The mufflers go on next. With MagnaFlow's new, 5-inch diameter mufflers, there is a lot more room around the round units as opposed to the stock oval ones. The separate exhaust pipe sections between the X-shape crossover and mufflers go on last. With all pieces fitted, the MagnaFlow techs snugged the hardware, adjusted the hang and angle of the pipes, and then tightened the nuts and bolts. Jason checked the fit of the tailpipes and wanted the driver-side pipe adjusted. This was accomplished by loosening the hardware, making a bump adjustment, and retightening. Thanks to the "no crush" design of the clamps, the adjustments are easily done with no worries about leaks.

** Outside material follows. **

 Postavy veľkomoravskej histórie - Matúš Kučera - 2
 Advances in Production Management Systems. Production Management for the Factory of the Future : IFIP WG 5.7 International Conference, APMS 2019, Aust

From the install bay, we went to the road for a quick couple of blasts. This confirms the exhaust is tightly installed and not hitting the body. It is also a good way to check the heating of the catalytic converters and initiate the emissions control process, which makes the engine management in the S197 calm down. The test gave us an earful of the system's sonic qualities. It was, as most MagnaFlow designs, quieter at stock than we thought it might be, but it did belt out the tunes in a mellow roar when the throttle opened. If you're looking for a throbbing, drum-banging, buckshot-shooting exhaust, the MagnaPack is not what you want; it sounds more like a tuned horn.

Then it was back on the dyno for the after tests. A quick glance at the results showed a 12 rwhp gain at the peak. A closer look showed the freer-breathing Mustang making power, but at 3,800 rpm. It dropped below the stock output's trace of 5,000 rpm. It lost considerable power from the midrange to almost the peak before spiking out the 12hp gain at the end.

Another look shows the air/fuel ratio was a full point richer during the after-runs than during the baselines. Considering the baseline runs were at the ideal mid- to high-12:1 range, that means there was a power loss. The after-runs were also "dirty," meaning the horsepower curve was not a smooth line, but a series of jagged sawtooths.

MagnaFlow's Tech Center boss Richard Waitas explained the cause of this. His read on it was that the larger exhaust was allowing sufficiently more airflow (coupled with the supercharger) to take the computer out of its "comfort zone." That happens when the airflow is beyond the look-up tables with which the computer is programmed. Knowing only that it is running too lean-but not how lean-the computer compensates by adding extra fuel, which causes it to run rich and pull out fuel. This causes the engine to run lean again, and you have a repeating cycle of rich and lean with a corresponding sawtooth pattern in the powerband.

Unfortunately, we had no way of tuning the system at that moment, so we had to conclude the test knowing the MagnaFlow exhaust parts increase the airflow, but it will take electronic tuning to make use of it. On that judgment, the 3-inch-diameter after-cat and Tru-X crossover pipe appear worthy additions to supercharged Three-Valve Mustangs.

Our final advice is to shop carefully for this system, as the pricing reflects the high-grade material and mandrel bends. We'd also suggest MagnaFlow's standard 211/42-inch after-cat as the proper choice for naturally aspirated late-model GTs. That'll save some money and offer a quieter and more pleasant street-driving experience.